For older GPUs such as GTX 1080 Ti:

# Older python 3.8 + CUDA 10.2 and Pytorch 1.10.2 for compat ?
conda create -n cleanrl-mbrl-cleanrl-10.2 python=3.8 -y
conda activate ...
poetry install --with atari
conda install pytorch=1.10.2 torchvision torchaudio cudatoolkit=10.2 -c pytorch -y
pip install moviepy

Hope it helps.

sai-prasanna commented 1 year ago

@dosssman Thanks for your well thought out, detailed plan for action! I will ease my way into these tasks starting from a review of the existing code soon. After that I will take a stab on atari/continuous action space support.

Yep, TBTT makes sense for long horizon credit assignment, for short horizons, using zeros as hidden start state potentially acts as a regularizer. But so long as there is no performance difference, I think TBTT as is a the best default.

I agree your point on dreamer v3. It's going to be purely few changes to reward scaling, hyper parameters, and value function implementation (they use a distributional RL type value network prediction).

sai-prasanna commented 1 year ago

@dosssman Sorry, I couldn't do as even the little I planned to. Taking a high level look on the code, I am not sure if encapsulating the training code in world model and the actor-critic is "clean-rl"-like. But that's purely from comparing with model-free algorithms where there is only a single training block without too much abstractions.

If we are going for a single training code block type thing we should simply the world model & Actor-Critic into dumb torch modules. And extract the train/imagine functions out, either into a single train function or small pure functions.

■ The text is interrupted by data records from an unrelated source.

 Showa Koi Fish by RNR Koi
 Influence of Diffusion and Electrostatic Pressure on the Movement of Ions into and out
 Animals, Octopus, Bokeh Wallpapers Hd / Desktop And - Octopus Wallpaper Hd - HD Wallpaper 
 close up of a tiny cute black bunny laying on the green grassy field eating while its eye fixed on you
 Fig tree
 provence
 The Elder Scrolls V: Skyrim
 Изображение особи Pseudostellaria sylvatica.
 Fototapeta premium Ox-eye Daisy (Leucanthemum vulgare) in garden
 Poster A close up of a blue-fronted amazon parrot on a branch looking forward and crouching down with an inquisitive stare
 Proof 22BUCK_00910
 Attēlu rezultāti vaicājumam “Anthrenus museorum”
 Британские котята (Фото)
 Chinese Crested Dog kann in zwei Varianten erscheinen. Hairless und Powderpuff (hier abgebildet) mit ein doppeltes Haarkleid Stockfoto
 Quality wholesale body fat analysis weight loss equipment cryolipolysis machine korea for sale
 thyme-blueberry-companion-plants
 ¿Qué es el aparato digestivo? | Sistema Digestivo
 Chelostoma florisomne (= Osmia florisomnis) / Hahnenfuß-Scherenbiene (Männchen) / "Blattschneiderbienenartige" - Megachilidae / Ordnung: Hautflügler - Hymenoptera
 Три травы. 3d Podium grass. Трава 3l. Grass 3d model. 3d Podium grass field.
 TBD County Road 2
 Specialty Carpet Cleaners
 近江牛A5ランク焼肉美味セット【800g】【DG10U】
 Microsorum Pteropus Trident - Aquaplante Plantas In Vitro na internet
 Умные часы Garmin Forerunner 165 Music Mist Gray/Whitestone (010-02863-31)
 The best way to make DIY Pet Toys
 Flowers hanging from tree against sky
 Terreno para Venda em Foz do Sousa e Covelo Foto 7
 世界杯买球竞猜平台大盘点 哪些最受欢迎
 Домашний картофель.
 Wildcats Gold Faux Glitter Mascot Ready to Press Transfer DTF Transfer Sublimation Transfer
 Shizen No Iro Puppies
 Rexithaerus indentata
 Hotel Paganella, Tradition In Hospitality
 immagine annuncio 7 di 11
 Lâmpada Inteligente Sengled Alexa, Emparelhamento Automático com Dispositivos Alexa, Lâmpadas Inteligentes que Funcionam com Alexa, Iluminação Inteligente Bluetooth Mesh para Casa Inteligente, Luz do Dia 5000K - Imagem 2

But if you think the original dreamer approach is cleaner, then there isn't much to do.

dosssman commented 1 year ago

@sai-prasanna No worries. I know life get sin the way haha. Thanks a lot for the feedback. WIll try to make a draft of the variant with the training and imagine functions as a block. Might probably be easier to understand, especially for the actor critic part.

The current Dreamer like approach is actually based on some of my research projects, where I need to easily swap different World Models and Actor Critic type, but this is probably not that relevant in this case.